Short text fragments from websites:
[Start of Attachment]

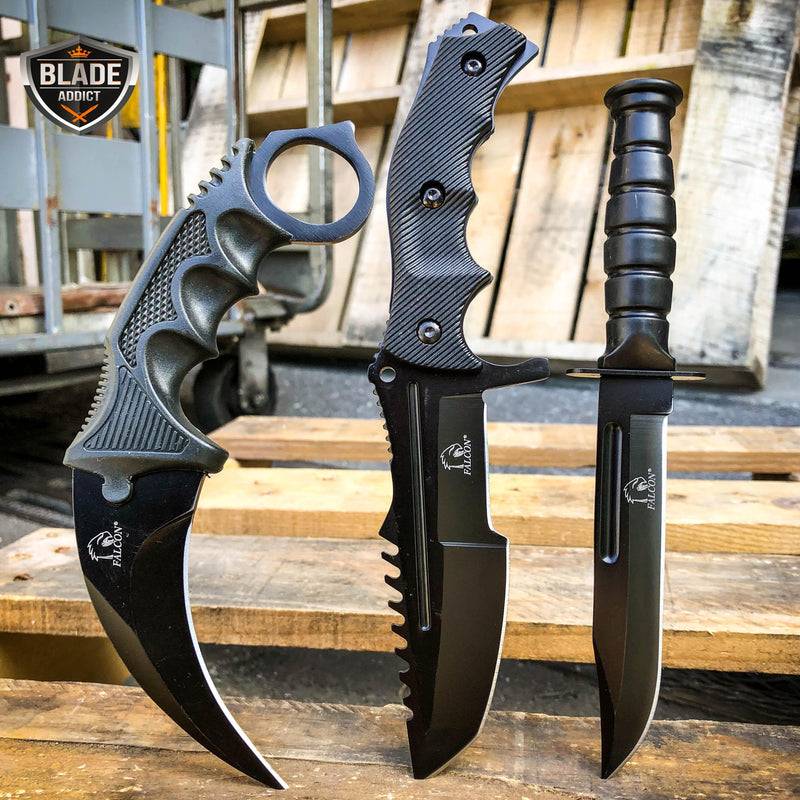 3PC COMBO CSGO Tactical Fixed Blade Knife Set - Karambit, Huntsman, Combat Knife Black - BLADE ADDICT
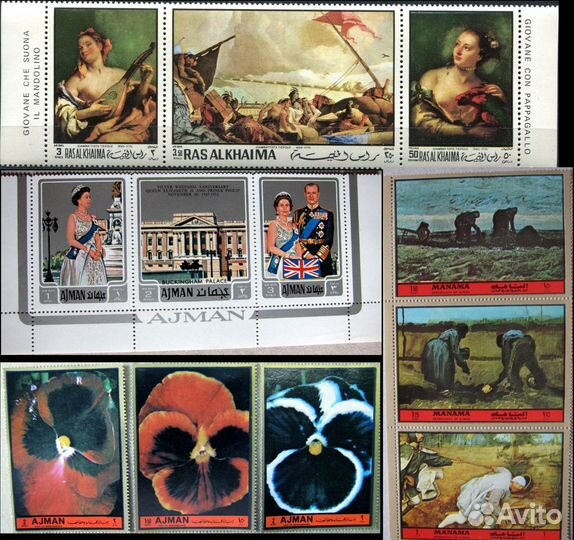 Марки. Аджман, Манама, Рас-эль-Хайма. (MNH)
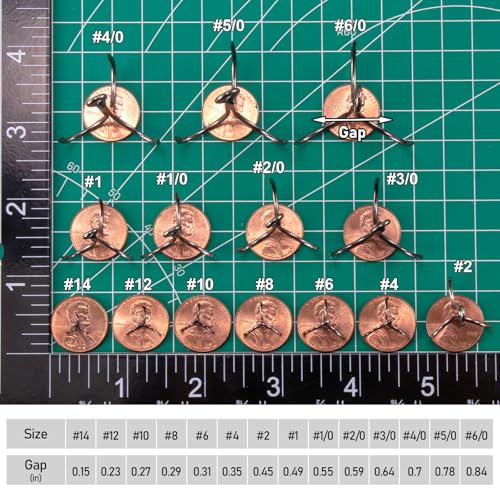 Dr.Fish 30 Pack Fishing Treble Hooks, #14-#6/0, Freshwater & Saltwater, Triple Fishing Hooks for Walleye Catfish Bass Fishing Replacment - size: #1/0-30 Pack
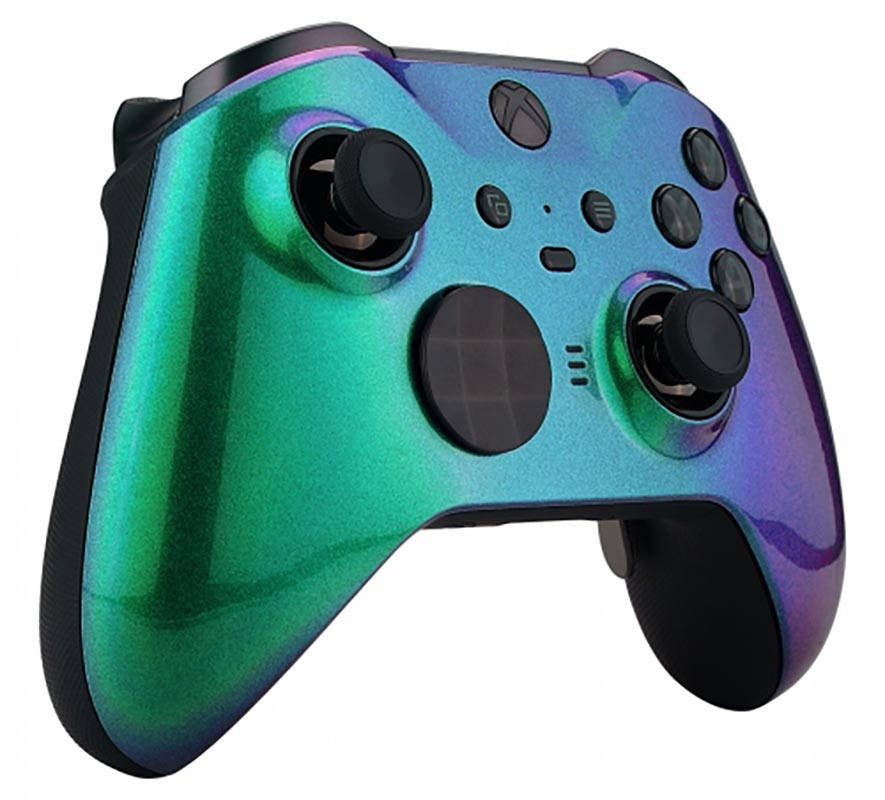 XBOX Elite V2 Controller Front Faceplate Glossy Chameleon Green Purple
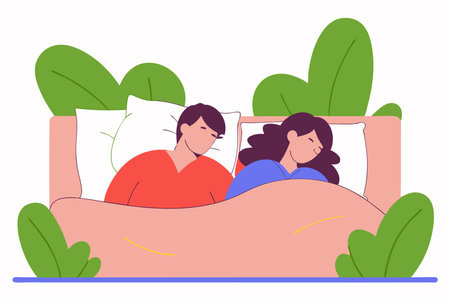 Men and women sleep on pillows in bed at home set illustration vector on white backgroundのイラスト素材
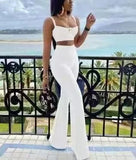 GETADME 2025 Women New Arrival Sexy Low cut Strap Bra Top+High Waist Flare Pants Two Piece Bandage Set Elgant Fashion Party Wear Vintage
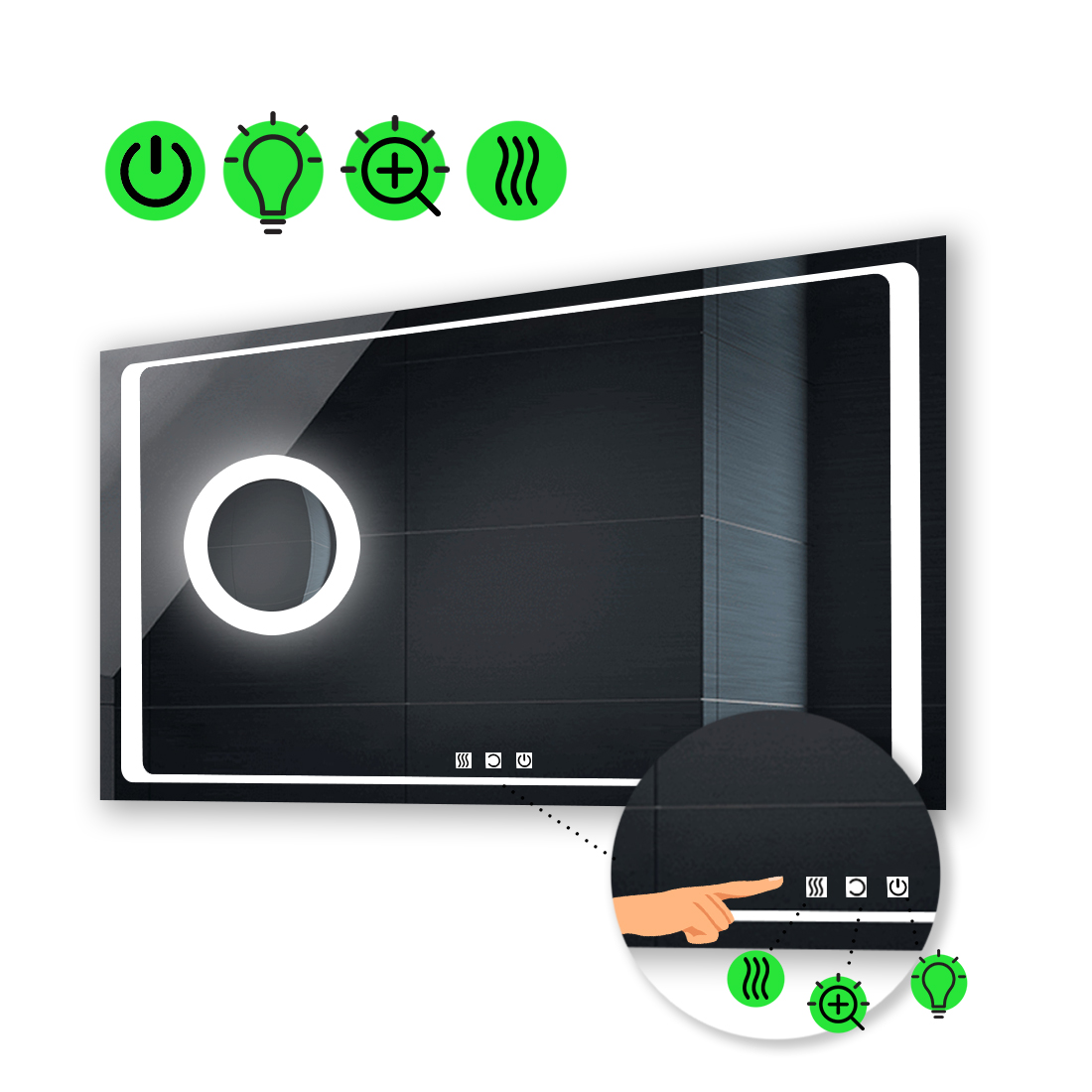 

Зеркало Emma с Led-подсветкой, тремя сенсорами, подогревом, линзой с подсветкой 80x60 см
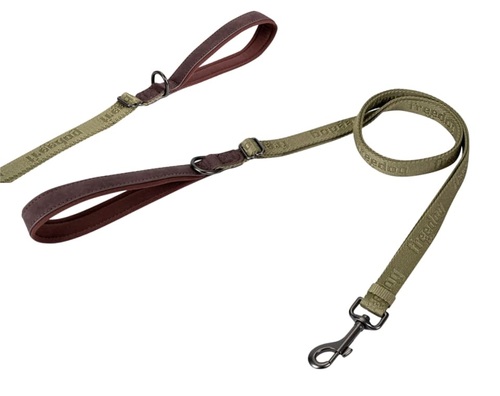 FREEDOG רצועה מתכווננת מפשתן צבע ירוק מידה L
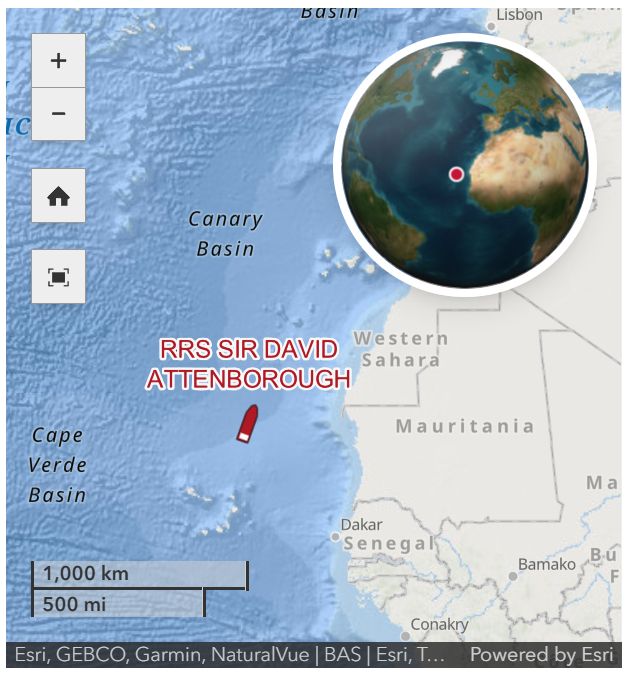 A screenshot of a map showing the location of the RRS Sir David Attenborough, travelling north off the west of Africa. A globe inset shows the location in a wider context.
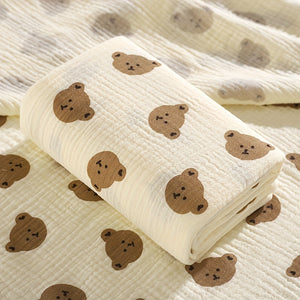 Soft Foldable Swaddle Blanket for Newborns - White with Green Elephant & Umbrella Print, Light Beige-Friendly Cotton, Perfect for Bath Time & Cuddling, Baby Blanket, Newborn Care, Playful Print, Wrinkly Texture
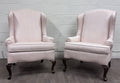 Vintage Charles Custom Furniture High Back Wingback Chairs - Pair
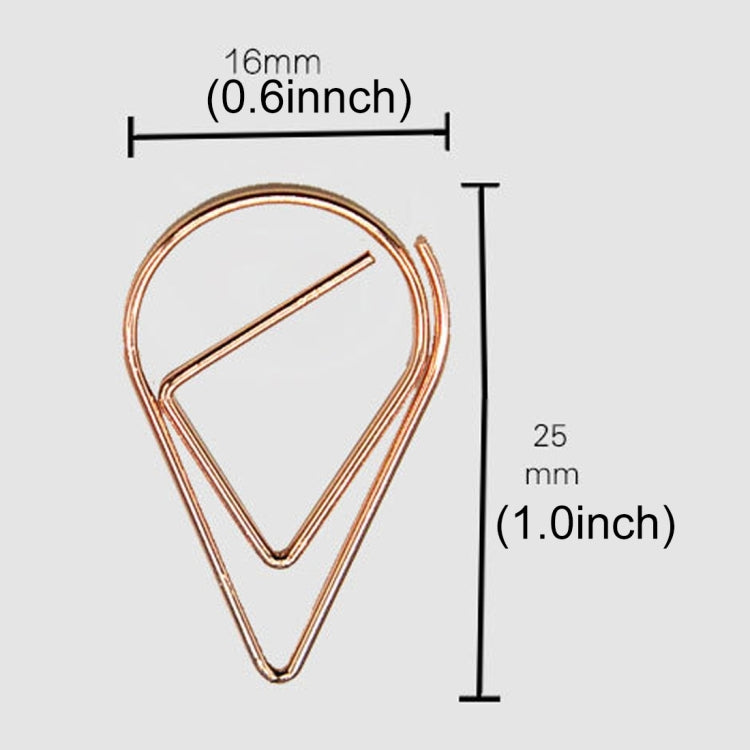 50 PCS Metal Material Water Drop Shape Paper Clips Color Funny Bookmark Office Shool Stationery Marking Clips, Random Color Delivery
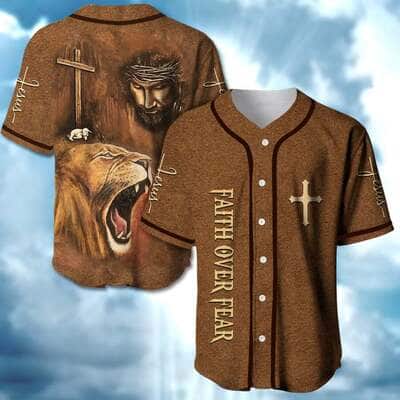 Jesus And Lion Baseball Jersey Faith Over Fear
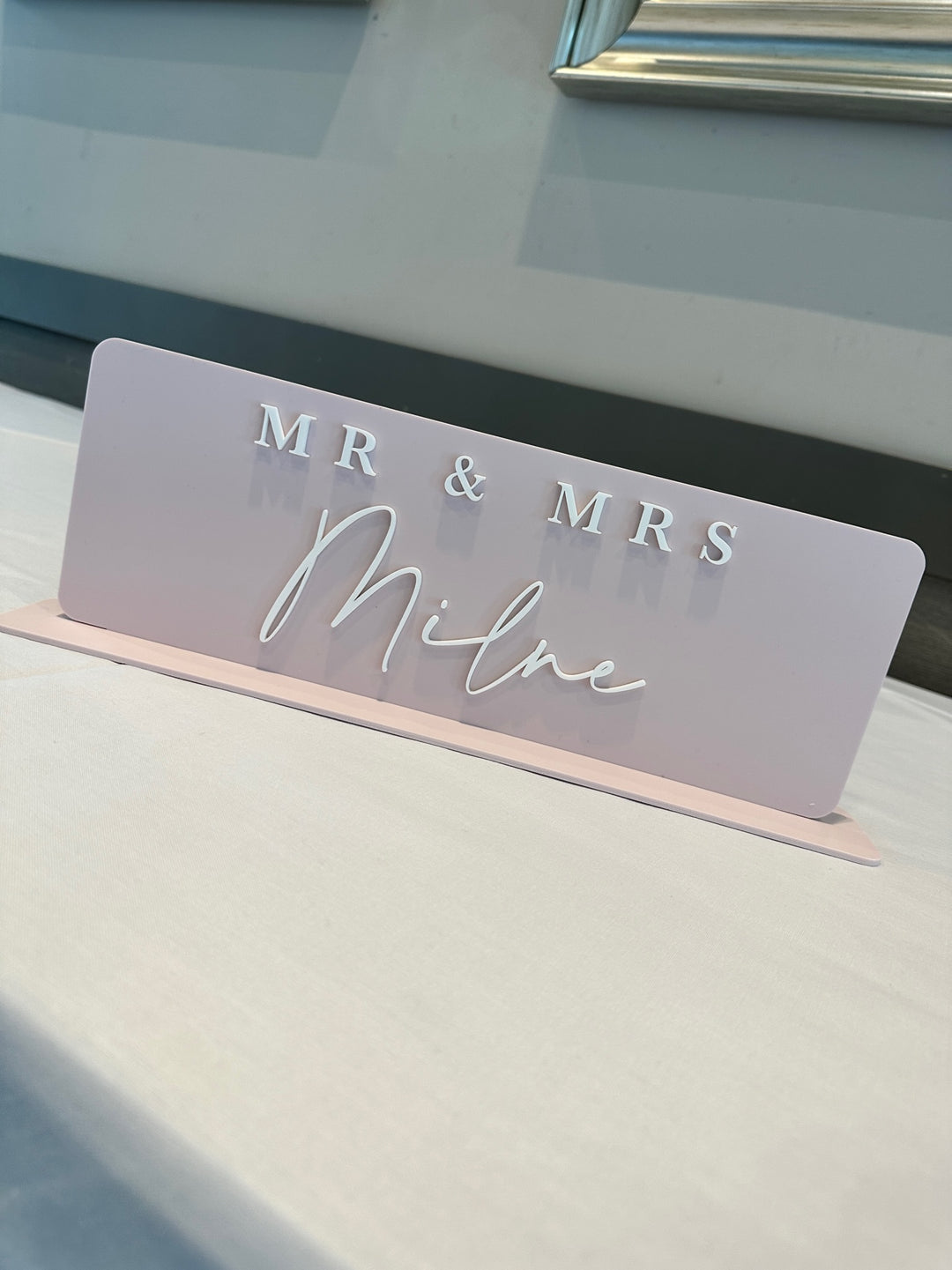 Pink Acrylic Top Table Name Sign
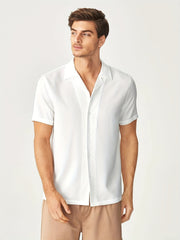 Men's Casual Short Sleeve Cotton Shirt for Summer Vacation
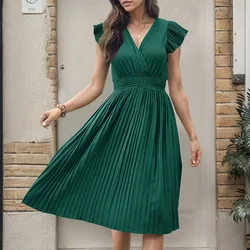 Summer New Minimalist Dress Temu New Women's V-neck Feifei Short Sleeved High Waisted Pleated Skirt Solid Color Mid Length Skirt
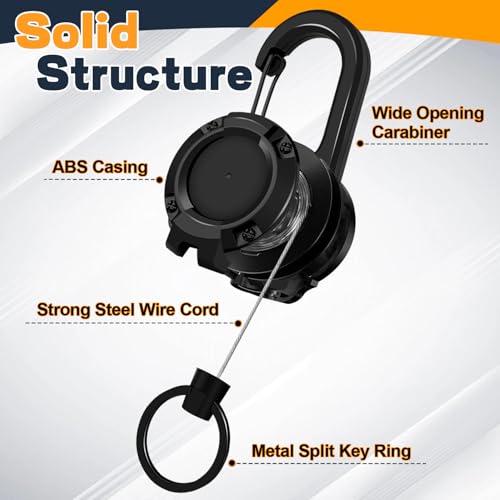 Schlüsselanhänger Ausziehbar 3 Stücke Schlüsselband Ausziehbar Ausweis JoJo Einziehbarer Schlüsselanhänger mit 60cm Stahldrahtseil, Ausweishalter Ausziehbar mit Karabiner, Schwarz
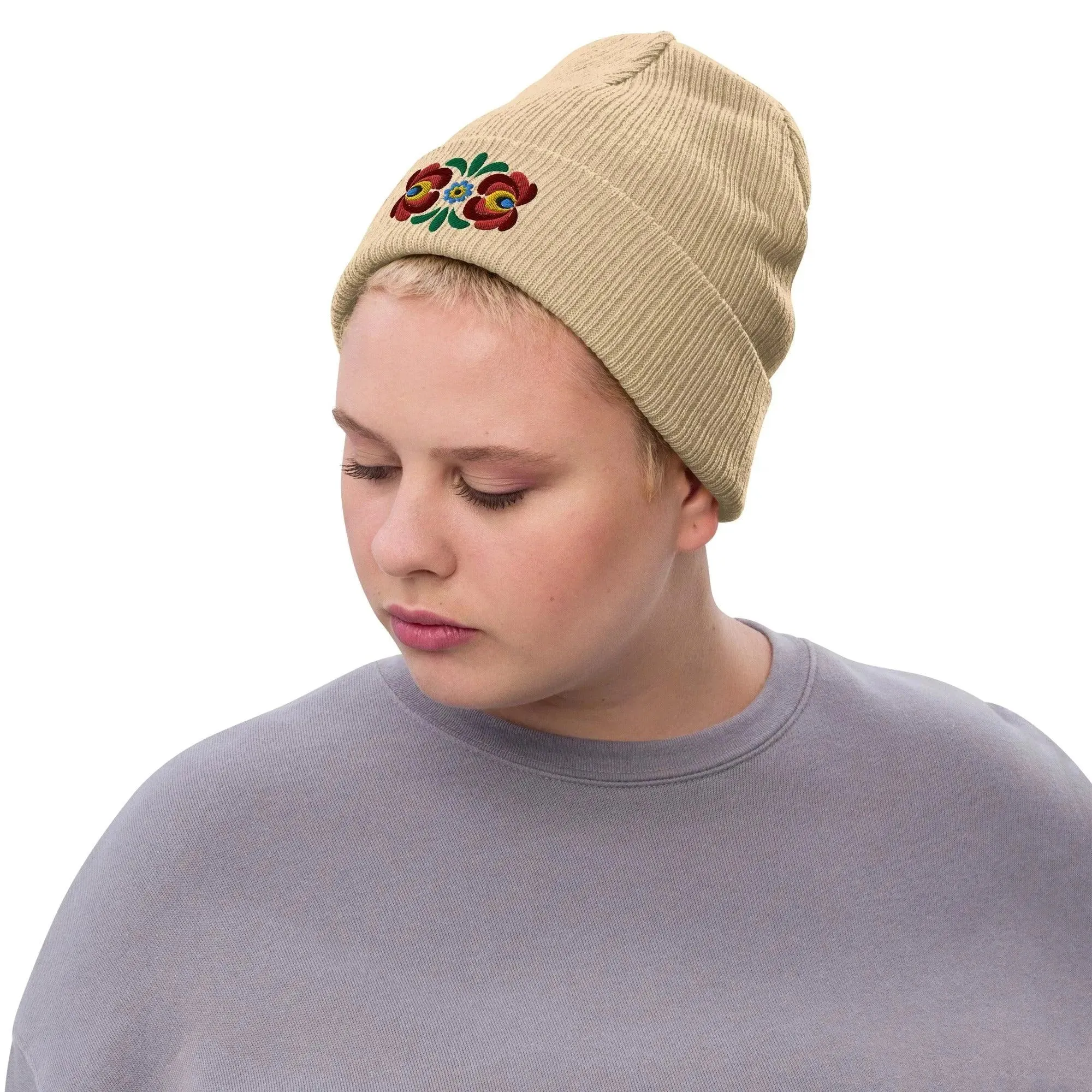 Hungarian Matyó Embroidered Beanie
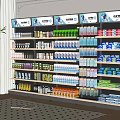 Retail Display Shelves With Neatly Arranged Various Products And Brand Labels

[End of Attachment]

▶ Exercise directions: Put down exactly the lines of the data above that run from its first line through the line bearing "A screenshot of", and no pictures.

▶ Written answer:
 3PC COMBO CSGO Tactical Fixed Blade Knife Set - Karambit, Huntsman, Combat Knife Black - BLADE ADDICT
 Марки. Аджман, Манама, Рас-эль-Хайма. (MNH)
 Dr.Fish 30 Pack Fishing Treble Hooks, #14-#6/0, Freshwater & Saltwater, Triple Fishing Hooks for Walleye Catfish Bass Fishing Replacment - size: #1/0-30 Pack
 XBOX Elite V2 Controller Front Faceplate Glossy Chameleon Green Purple
 Men and women sleep on pillows in bed at home set illustration vector on white backgroundのイラスト素材
 GETADME 2025 Women New Arrival Sexy Low cut Strap Bra Top+High Waist Flare Pants Two Piece Bandage Set Elgant Fashion Party Wear Vintage

Зеркало Emma с Led-подсветкой, тремя сенсорами, подогревом, линзой с подсветкой 80x60 см
 FREEDOG רצועה מתכווננת מפשתן צבע ירוק מידה L
 A screenshot of a map showing the location of the RRS Sir David Attenborough, travelling north off the west of Africa. A globe inset shows the location in a wider context.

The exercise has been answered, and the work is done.